*Your instructions*. The span to repeat in the listing below runs from the line containing "KITCH storage cabinet" to the line containing "画像1: サンリオ （ＳＡＮＲＩＯ）", inclusive. Repeat it exactly, and only it.

*Input material*.
^^^^

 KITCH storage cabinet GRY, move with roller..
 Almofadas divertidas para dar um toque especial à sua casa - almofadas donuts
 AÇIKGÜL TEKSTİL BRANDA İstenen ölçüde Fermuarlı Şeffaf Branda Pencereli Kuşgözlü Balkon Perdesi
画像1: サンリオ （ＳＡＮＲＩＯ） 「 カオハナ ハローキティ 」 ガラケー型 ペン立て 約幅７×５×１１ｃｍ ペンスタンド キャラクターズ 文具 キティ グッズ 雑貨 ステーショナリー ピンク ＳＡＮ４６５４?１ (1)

^^^^

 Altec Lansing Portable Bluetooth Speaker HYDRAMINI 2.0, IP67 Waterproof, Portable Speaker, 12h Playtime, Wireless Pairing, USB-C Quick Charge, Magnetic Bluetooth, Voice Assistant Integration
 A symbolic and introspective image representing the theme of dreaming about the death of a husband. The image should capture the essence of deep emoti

^^^^

*Solution to this exercise*.
 KITCH storage cabinet GRY, move with roller..
 Almofadas divertidas para dar um toque especial à sua casa - almofadas donuts
 AÇIKGÜL TEKSTİL BRANDA İstenen ölçüde Fermuarlı Şeffaf Branda Pencereli Kuşgözlü Balkon Perdesi
画像1: サンリオ （ＳＡＮＲＩＯ） 「 カオハナ ハローキティ 」 ガラケー型 ペン立て 約幅７×５×１１ｃｍ ペンスタンド キャラクターズ 文具 キティ グッズ 雑貨 ステーショナリー ピンク ＳＡＮ４６５４?１ (1)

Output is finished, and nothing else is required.